WASHINGTON, DC–The Equipment Leasing & Finance Foundation (the Foundation) has released the October 2020 Monthly Confidence Index for the Equipment Finance Industry (MCI-EFI). The index reports a qualitative assessment of both the prevailing business conditions and expectations for the future as reported by key executives from the $900 billion equipment finance sector in the U.S.
Overall, confidence in the equipment finance market is at 55.0, easing from the September index of 56.5 and steady with pre-COVID index levels. None of the industry leadership evaluated the current U.S. economy as “excellent,” unchanged from the previous month. But 55.6 percent of the leadership evaluated the current U.S. economy as “fair,” up from 46.4 percent in September. 44.4 percent evaluate it as “poor,” down from 53.6 percent last month.
At the same time, 25.9 percent of the survey respondents believed that U.S. economic conditions will get “better” over the next six months, a decrease from 50 percent in September. 59.3 percent indicated they believe the U.S. economy will “stay the same” over the next six months, an increase from 39.3 percent last month. Moreover, 14.8 percent believed economic conditions in the U.S. will worsen over the next six months, up from 10.7 percent the previous month.
When asked to assess their business conditions over the next four months, 29.6 percent of executives responding said they believe business conditions will improve over the next four months, down from 35.7 percent in September. Also, 51.9 percent believe business conditions will remain the same over the next four months, an increase from 46.4 percent the previous month. And 18.5 percent believe business conditions will worsen, an increase from 17.9 percent in September.
Moreover, 22.2 percent of the survey respondents believe demand for leases and loans to fund capital expenditures (capex) will increase over the next four months, down from 28.6 percent in September. 66.7 percent believe demand will “remain the same” during the same four-month time period, an increase from 64.3 percent the previous month. 11.1 percent believe demand will decline, an increase from 7.1 percent in September.
Meanwhile, in October 22.2 percent of respondents indicate they believe their company will increase spending on business development activities during the next six months, a decrease from 28.6 percent last month. 70.4 percent believe there will be “no change” in business development spending, a decrease from 71.4 percent in September. And 7.4 percent believe there will be a decrease in spending, up from none last month.
There are some positive signs. 33.3 percent of the respondents expect more access to capital to fund equipment acquisitions over the next four months, up from 17.9 percent in September. 66.7 percent of executives indicate they expect the “same” access to capital to fund business, a decrease from 78.6 percent last month. None expect “less” access to capital, a decrease from 3.6 percent the previous month.

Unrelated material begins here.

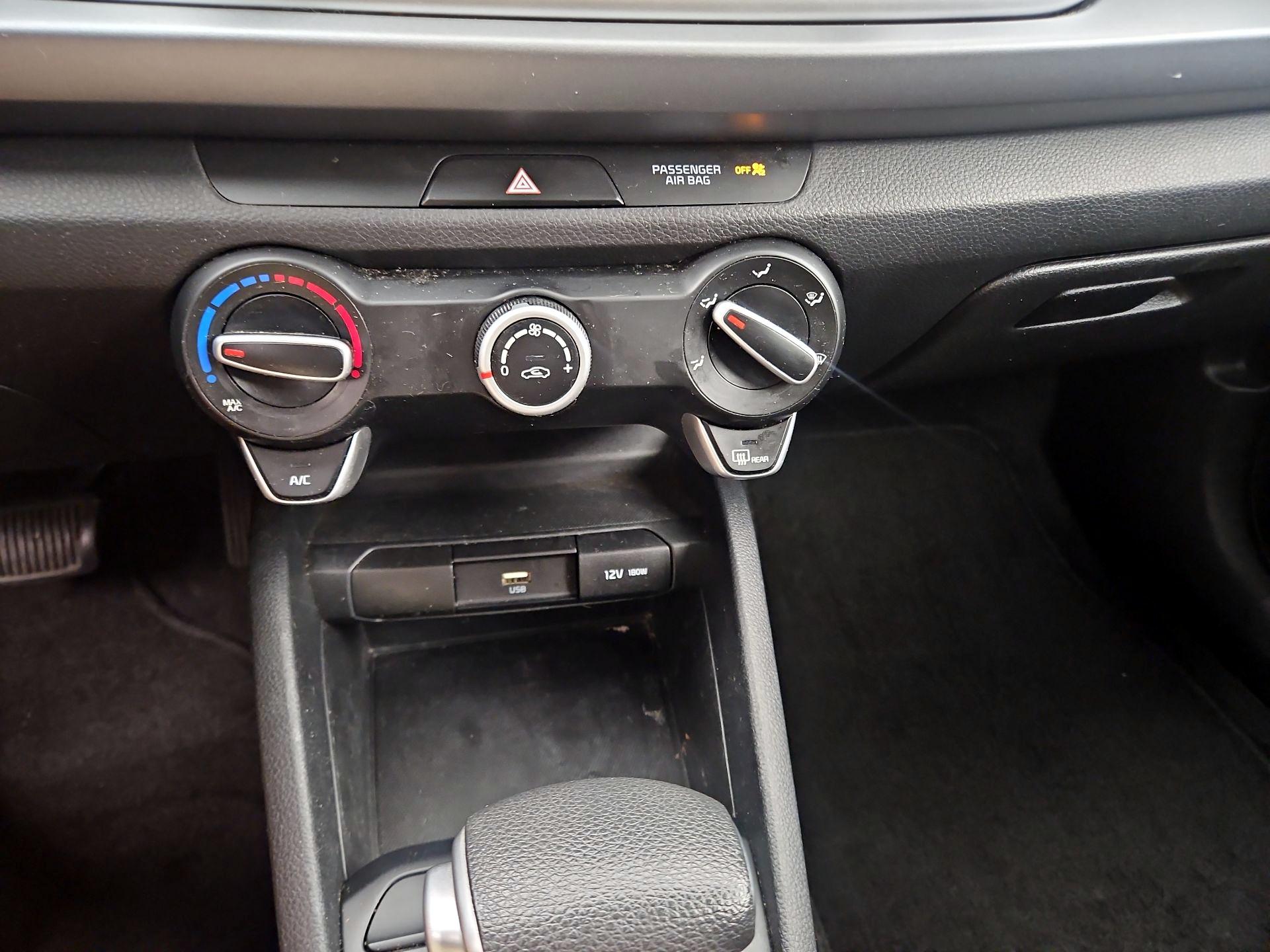 Thumbnail: 2023 Kia Rio - 16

When asked, 25.9 percent of the executives report they expect to hire more employees over the next four months, up from 17.9 percent in September. 63 percent expect no change in headcount over the next four months, a decrease from 71.4 percent last month. But 11.1 percent said in October they expect to hire fewer employees, up slightly from 10.7 percent the previous month.
Survey results are posted on the Foundation web site, included in the Foundation Forecast eNewsletter, and included in press releases. Survey respondent demographics and additional information about the MCI are also available at the link above.

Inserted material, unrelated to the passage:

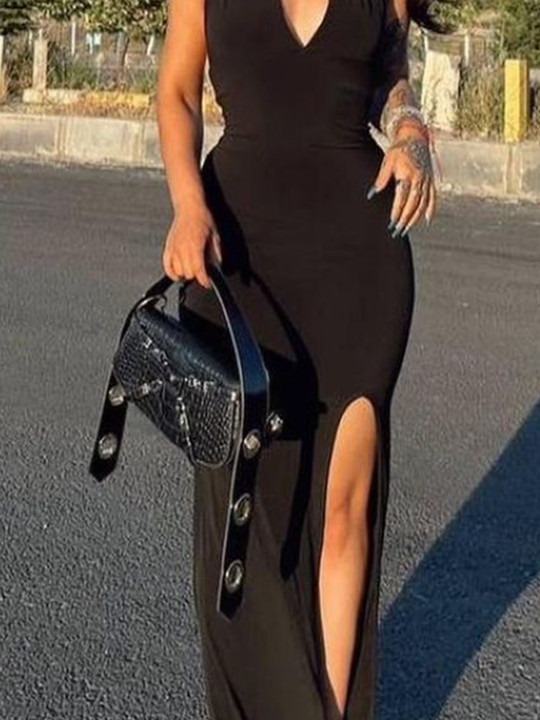 Elegant Black V-Neck Flared Maxi Dress - Image 5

The Foundation also released highlights of the COVID-19 Impact Survey of the Equipment Finance Industry, a monthly survey of industry leaders that is designed to track the impact of the coronavirus pandemic on the equipment finance industry.
56 percent of companies said in October they expect that the default rate will be greater in 2020 than in 2019, down from 73 percent last month, 35 percent expect it to be the same compared to 20 percent in September, and 9 percent expect it to be lower compared to 7 percent last month. Only 7 percent of lenders reported having more than 10 percent of their portfolio now under deferral, down from 15 percent of lenders last month.

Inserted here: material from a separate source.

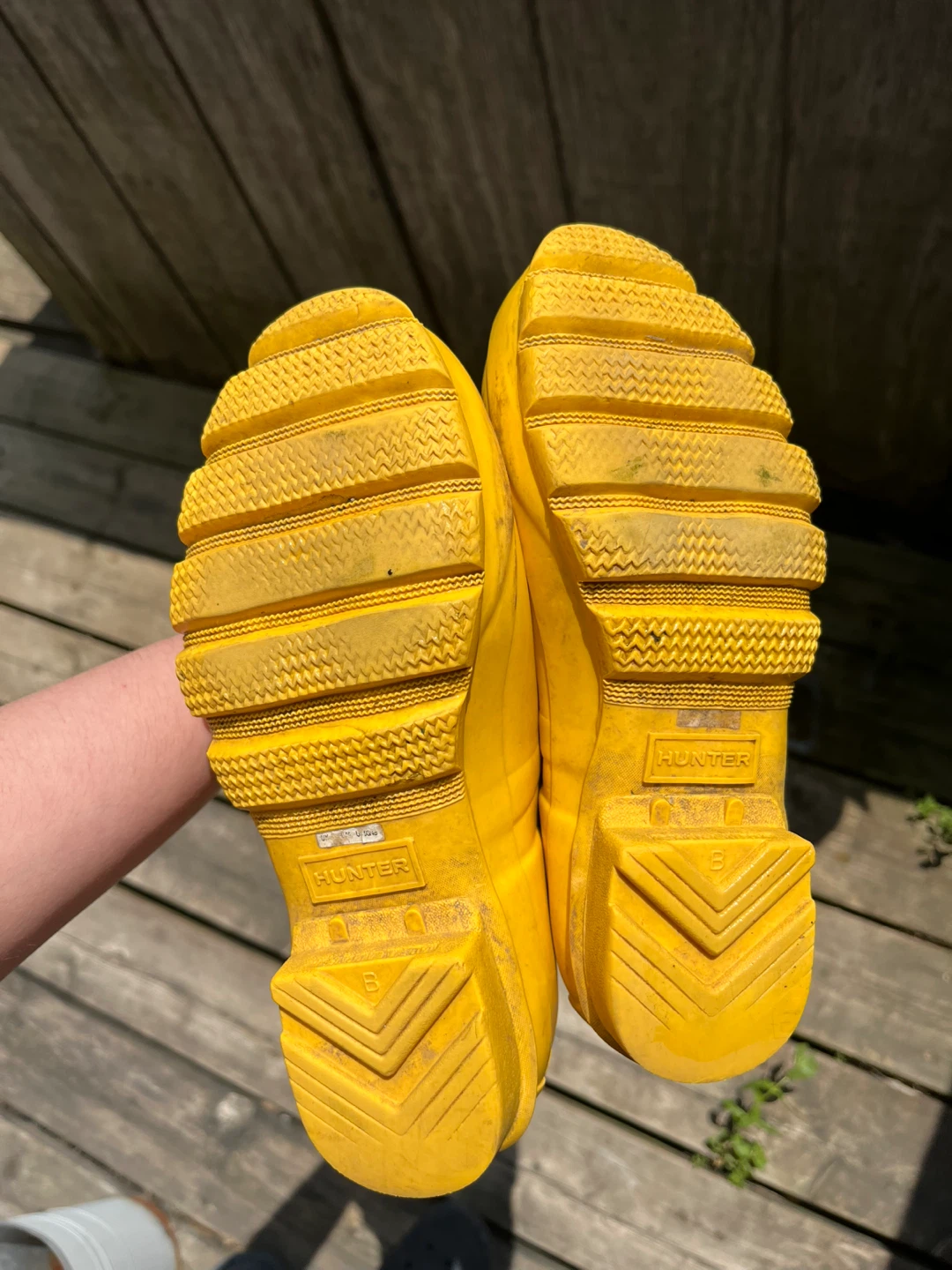 Hunter Yellow Rain Boots - Size 3 Big Kids/ 5 Women’s - photo 4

When asked to what extent regulatory and/or funding source pressures are limiting companies’ willingness or ability to provide deferrals now, 66 percent responded: “not at all,” 29 percent answered “somewhat,” and 4 percent indicated “substantially.” The largest percentage of respondents (58 percent) have 0.01-4.99 percent of dollars outstanding currently under payment deferral in their owned portfolio.
When asked about the outlook for the future, MCI-EFI survey respondent Bruce J. Winter, President, FSG Capital, Inc., said, “It’s now obvious that the economic fallout from this pandemic will continue for the foreseeable future and there will be no quick return to pre-COVID 19 economic metrics. While many of our clients have adapted to a new normal, others have spent their government stimulus and are at risk of closure without additional support.
“The resiliency of the equipment finance industry is without doubt, but as with other cycles, there will be winners and losers. In this cycle, those lucky enough to have little or no exposure to threatened industries will be the winners, while those with too much exposure to these same segments have no choice but to deal with significant stress.”